WHAT YOU ARE ASKED TO DO:
Every line from the one containing "Een schilderij met een gezicht" to the one containing "Dark Moody Baseball" in the records below, both included, must be set down exactly, and no other line.
(EXCERPTED RECORDS Opens)
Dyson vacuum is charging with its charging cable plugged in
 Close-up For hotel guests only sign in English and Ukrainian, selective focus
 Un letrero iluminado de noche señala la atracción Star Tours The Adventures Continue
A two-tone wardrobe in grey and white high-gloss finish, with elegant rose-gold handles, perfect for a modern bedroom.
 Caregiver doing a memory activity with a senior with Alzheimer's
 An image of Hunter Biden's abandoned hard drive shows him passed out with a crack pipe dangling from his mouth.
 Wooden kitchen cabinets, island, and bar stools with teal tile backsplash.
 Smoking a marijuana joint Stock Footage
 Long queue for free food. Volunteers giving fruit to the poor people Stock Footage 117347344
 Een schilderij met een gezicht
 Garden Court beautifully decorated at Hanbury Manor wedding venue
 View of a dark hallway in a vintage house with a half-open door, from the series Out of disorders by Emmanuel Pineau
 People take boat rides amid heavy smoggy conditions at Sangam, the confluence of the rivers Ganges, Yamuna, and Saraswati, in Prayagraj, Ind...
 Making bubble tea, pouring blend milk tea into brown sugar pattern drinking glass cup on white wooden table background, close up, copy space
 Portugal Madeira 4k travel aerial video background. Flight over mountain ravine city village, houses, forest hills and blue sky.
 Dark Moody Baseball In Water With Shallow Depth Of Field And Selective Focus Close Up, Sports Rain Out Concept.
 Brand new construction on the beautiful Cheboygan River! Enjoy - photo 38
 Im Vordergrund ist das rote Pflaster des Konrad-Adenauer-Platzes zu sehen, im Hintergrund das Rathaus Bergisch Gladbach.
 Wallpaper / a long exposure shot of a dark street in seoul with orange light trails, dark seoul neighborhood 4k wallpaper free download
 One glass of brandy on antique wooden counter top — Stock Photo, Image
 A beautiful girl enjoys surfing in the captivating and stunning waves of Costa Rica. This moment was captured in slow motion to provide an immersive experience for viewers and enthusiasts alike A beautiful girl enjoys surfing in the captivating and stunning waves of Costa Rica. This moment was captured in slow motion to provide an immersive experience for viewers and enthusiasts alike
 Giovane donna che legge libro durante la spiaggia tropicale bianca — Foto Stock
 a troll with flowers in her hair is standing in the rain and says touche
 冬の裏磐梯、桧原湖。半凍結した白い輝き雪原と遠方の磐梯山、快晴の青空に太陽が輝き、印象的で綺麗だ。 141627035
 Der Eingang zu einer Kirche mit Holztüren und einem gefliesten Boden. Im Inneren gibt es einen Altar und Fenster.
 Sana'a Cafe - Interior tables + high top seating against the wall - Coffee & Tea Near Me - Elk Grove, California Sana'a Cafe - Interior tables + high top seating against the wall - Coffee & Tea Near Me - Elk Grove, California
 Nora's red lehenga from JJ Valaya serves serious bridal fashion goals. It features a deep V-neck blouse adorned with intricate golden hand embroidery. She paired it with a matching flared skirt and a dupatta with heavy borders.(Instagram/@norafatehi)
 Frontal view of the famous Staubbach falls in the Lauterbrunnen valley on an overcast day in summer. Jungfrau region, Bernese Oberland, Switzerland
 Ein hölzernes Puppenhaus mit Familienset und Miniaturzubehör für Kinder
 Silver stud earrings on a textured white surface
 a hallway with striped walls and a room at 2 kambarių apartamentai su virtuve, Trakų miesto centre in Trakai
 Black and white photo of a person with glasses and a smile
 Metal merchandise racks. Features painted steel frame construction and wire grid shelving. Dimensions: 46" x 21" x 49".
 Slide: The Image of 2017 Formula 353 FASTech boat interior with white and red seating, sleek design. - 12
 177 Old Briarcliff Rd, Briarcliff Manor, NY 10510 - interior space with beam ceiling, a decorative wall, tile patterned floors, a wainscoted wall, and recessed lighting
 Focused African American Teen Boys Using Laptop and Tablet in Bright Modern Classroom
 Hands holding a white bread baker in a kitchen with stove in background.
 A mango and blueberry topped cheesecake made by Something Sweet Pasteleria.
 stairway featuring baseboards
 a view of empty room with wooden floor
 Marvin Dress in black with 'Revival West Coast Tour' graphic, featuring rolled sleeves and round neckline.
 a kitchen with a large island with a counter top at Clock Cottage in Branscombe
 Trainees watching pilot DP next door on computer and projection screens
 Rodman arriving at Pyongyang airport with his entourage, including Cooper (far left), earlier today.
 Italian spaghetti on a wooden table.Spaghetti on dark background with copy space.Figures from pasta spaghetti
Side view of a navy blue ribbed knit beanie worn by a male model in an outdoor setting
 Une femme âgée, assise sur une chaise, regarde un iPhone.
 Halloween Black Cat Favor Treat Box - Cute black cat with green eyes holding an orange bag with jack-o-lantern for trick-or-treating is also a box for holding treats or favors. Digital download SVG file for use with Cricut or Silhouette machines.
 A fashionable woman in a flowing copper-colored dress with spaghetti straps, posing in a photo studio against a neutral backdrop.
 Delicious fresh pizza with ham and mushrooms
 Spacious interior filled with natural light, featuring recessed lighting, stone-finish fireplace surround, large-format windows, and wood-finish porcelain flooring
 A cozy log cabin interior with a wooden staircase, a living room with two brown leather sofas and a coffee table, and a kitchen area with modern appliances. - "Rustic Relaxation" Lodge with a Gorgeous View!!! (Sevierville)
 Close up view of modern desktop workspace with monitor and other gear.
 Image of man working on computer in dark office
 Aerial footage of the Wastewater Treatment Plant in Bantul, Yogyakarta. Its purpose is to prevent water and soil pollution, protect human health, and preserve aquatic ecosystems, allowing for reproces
(EXCERPTED RECORDS Closes)
EXERCISE ANSWER:
 Een schilderij met een gezicht
 Garden Court beautifully decorated at Hanbury Manor wedding venue
 View of a dark hallway in a vintage house with a half-open door, from the series Out of disorders by Emmanuel Pineau
 People take boat rides amid heavy smoggy conditions at Sangam, the confluence of the rivers Ganges, Yamuna, and Saraswati, in Prayagraj, Ind...
 Making bubble tea, pouring blend milk tea into brown sugar pattern drinking glass cup on white wooden table background, close up, copy space
 Portugal Madeira 4k travel aerial video background. Flight over mountain ravine city village, houses, forest hills and blue sky.
 Dark Moody Baseball In Water With Shallow Depth Of Field And Selective Focus Close Up, Sports Rain Out Concept.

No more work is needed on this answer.